The Revenue Raises Project, a key initiative underpinning the Prime Minister’s FBR transformation plan, is financed by a $150 million World Bank loan with an annual interest rate of 2.5 percent over 30 years. Despite its robust economic projections, including benefit-cost ratios of 42 to 70 and an internal rate of return (IRR) of 130 percent to 195 percent, the Planning Commission has identified a lack of stringent oversight in its implementation, particularly concerning the vehicle procurement.

“An amount of Rs2,237.5m has been proposed for procurement of 179 vehicles of different makes at a unit cost of Rs12.5m for Digital Enforcement Units without provision of specifications of vehicles,” the Planning Commission highlighted, demanding a rationalization of the expense “in light of austerity measures of Finance Division.”

FBR Defends Procurement as Essential for Operational Needs

In response, the FBR has firmly defended the procurement, asserting its critical importance for effective operational needs across diverse terrains where digital enforcement stations are slated for establishment.

“The proposed vehicles represent the minimum essential specifications necessary for effective field operations, with no inclusion of luxury features.

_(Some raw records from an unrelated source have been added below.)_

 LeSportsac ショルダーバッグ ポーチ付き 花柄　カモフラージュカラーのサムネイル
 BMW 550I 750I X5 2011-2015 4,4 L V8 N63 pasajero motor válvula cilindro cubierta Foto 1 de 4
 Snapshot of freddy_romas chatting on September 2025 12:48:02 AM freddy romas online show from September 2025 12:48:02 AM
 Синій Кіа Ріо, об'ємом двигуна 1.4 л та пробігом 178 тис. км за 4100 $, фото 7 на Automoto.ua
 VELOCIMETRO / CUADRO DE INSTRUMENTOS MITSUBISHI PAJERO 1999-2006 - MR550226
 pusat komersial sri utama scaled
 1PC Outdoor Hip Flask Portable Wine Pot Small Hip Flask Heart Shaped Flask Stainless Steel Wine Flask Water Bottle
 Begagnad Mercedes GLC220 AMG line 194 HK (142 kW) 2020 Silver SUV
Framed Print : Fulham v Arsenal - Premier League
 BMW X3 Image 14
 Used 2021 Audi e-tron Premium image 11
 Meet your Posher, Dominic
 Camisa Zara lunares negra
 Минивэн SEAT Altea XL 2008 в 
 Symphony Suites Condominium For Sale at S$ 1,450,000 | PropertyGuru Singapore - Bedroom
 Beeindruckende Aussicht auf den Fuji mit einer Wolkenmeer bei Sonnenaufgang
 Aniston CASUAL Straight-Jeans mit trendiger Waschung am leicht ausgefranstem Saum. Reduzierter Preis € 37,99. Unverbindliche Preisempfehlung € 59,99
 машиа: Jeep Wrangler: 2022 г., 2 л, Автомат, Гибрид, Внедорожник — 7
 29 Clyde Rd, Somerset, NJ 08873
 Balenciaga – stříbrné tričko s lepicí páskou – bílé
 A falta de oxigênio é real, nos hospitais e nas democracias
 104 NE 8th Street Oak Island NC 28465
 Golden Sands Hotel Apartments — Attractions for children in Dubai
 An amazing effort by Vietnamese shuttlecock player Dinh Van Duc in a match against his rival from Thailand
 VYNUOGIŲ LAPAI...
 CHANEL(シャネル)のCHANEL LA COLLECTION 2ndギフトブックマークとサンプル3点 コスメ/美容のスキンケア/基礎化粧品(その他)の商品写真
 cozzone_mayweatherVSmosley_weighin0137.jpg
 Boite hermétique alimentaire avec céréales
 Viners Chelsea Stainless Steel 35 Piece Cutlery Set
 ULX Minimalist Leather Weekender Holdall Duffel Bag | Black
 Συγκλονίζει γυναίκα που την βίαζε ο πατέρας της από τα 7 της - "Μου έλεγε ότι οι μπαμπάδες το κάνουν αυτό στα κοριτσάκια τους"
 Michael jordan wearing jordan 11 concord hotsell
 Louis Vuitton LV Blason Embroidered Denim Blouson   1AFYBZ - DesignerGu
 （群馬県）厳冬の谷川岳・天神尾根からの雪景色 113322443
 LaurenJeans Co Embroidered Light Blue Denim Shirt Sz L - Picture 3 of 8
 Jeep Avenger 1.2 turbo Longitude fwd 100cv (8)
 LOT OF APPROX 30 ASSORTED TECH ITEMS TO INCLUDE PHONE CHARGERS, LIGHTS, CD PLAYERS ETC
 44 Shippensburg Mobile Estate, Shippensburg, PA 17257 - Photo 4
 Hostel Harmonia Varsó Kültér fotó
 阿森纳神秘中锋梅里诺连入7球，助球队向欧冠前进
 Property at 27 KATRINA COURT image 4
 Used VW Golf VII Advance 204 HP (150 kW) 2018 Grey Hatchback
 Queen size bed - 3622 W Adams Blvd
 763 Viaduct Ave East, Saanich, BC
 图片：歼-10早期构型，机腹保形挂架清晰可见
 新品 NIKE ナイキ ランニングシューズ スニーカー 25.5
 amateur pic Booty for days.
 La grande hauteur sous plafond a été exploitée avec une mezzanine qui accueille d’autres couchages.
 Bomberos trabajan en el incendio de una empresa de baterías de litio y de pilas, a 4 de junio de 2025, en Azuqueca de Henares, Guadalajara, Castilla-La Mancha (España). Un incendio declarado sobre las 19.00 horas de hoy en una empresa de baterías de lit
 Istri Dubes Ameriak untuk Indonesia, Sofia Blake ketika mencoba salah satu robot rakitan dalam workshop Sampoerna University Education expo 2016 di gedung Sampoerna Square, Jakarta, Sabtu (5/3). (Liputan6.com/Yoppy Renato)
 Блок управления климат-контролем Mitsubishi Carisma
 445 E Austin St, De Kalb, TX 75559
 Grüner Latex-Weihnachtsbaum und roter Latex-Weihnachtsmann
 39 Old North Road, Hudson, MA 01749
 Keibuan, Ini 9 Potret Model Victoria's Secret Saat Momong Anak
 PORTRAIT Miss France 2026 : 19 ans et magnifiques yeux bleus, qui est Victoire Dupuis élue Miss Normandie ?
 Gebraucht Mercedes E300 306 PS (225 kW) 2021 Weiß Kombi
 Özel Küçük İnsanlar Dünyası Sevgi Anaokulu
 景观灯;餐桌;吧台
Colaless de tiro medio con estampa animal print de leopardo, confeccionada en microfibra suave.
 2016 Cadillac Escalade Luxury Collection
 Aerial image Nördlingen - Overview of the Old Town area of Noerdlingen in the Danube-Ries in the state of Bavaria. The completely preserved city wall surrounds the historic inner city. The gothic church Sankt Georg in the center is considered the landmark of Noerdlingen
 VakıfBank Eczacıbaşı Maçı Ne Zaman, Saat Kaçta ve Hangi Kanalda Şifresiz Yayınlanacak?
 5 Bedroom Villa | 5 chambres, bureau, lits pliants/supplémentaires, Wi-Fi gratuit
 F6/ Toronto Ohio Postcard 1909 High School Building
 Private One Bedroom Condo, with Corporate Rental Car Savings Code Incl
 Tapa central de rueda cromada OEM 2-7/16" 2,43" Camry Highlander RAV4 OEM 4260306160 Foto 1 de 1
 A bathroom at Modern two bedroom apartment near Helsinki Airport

The selection strictly adheres to functional utility for anti-smuggling activities,” the revenue authority stated. The project is anticipated to reach completion in June 2027.

The FBR also underscored the substantial cost savings expected from the project’s investments in information communication technology (ICT) hardware, estimating approximately $100 million in nominal terms. This investment in the FBR’s data center and network equipment is deemed unavoidable to prevent the failure of the organization’s ICT systems, with the FBR advocating that a failure to invest soon could incur costs of around $200 million to rebuild data centers.

Broader Project Aims and Systemic Tax Challenges

The Planning Commission noted that a key end-of-period target for the project is to reduce customs clearance time at the border to 48.5 hours from a baseline of 97.5 hours.

The broader program, initially conceived in 2017, aims to achieve a 17 percent tax-to-GDP ratio. Currently, this ratio hovers around 10 percent, significantly below the Asia-Pacific average of 19.3 percent. The Planning Commission further observed that the change in the base year of national accounts will likely further depress Pakistan’s tax-to-GDP ratio. Studies indicate that 64 percent of economic activities remain undocumented, leading to substantial tax revenue losses. The Commission also criticized the country’s overregulated tax system, with a multitude of taxes stifling businesses.

“The cost of documentation of tax compliance even for a small business is around Rs250,000,” the Planning Commission stated, pointing out that cash circulation in Pakistan stands at 28 percent, compared to 18 percent in India and 17 percent in Bangladesh.

Call for Tax Reforms and Digitization

To address these systemic issues, the Planning Commission has advocated for comprehensive reforms focused on simplifying tax procedures, reducing the number of levies, and accelerating the digitization of the tax system to integrate it with broader economic activity.

The project also encompasses mobile tax facilitation services, initiatives to enhance taxpayer compliance, the establishment of a forum for technical consultations with provincial tax authorities on tax harmonization, staff capacity-building, backup power equipment upgradation, and the development of control rooms and monitoring systems.

The FBR has recently adopted Strategic Plans for the Inland Revenue Service (IRS) and Pakistan Customs, with key components of the transformation plan including digital transformation of value chains, introduction of tracking technology, and implementation support for these digital initiatives.

Additionally, 37 digital enforcement stations will be equipped with both hard and soft interventions to combat smuggling. Of these, 24 will be strategically positioned along the Indus and Hub rivers and surrounding areas to act as a protective barrier, supported by three mobile enforcement units. Another 10 stations will be established at key checkpoints in Balochistan.

The Customs Tracking System, a crucial element, will be integrated with existing databases to effectively identify and target individuals or vehicles involved in transporting smuggled goods on which duties and taxes have not been paid.

The FBR anticipates its reform efforts will generate an additional $81 billion by the end of fiscal year 2028-29. The project further covers the replacement of end-of-life ICT equipment, cloud infrastructure, updated software licenses, data warehousing, business intelligence tools, and complete LAN and VoIP connectivity for field offices.

As part of the Rs2.237 billion allocation, the FBR will also procure 350 bulletproof jackets and helmets for operational personnel. The tax authority justified its expanded resource needs by highlighting a fourfold increase in tax filers, from 1.5 million in 2017 to over 6 million by the end of June 2024, and the growing volume of third-party data being collected to broaden the tax base and identify defaulters.